Last but not the least, 2018 has also been the year where I decided to give a chance to my heart and to life once more, by saying yes to a person who has been there with me for the last two years despite rejection from Me. Even now, I’m quite decided that I don’t deserve the kind of love he does to me and doubt it’ll stay so long as to heal my broken heart completely. But then, somehow I’ve landed myself with a companion on whom I can bank upon, who I can call mine. And I guess, that says a lot. I’m not sure how much longer the cruise of my heart will stay moored to this ship of the shore, but let’s hope the journey is worth, after all. Also, am I getting ahead of myself if I say, the temptation of being single once again haunts me every night? *wink wink* (Hah! I got you there, Mister!!)
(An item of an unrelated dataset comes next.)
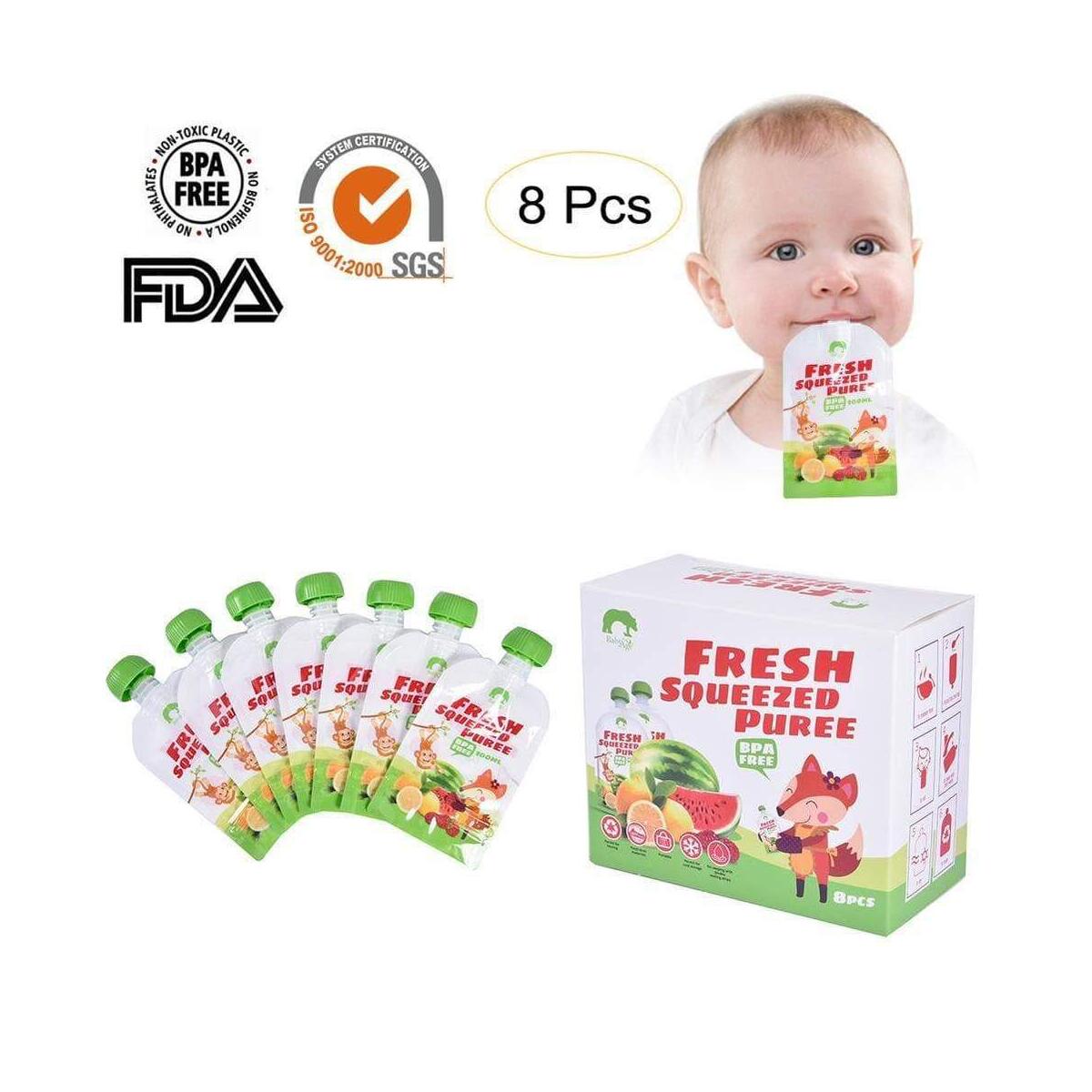 BPA Free Reusable Fresh Infant Double Zipper Food Pouches Animal 8 Pack Kids Storage Bag Breast Milk Bag Refillable Infant Feeding Bags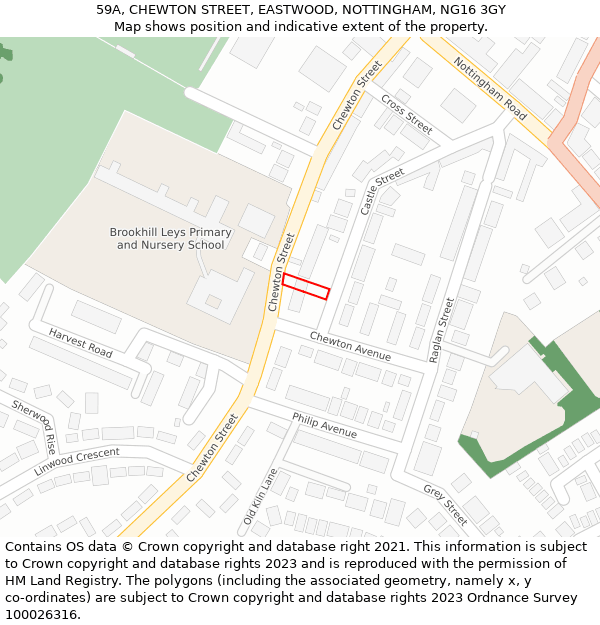 59A, CHEWTON STREET, EASTWOOD, NOTTINGHAM, NG16 3GY: Location map and indicative extent of plot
Expectations regarding 2019? Nothing really. One thing I have learnt from 2018 is to not expect anything because it never does turn out like that after all, does it? So despite the frightening realization that 2019 is going to be a very crucial year for me, so far as my career is concerned, however with fingers crossed, I can just hope against hope. That’s all I can do.
So here’s to a year of growth, inertia, success, failures, happiness and sadness, all in pairs. Let’s go get and make a year worth living in and so much more. Let us all be the person whom we aspire to be. Let us be The One who can look in the mirror and be proud of the person we are becoming. Let’s make a year which is Ours.
Let’s own 2019. May The Force Be Ourselves. Let’s have a great New Year, everyone.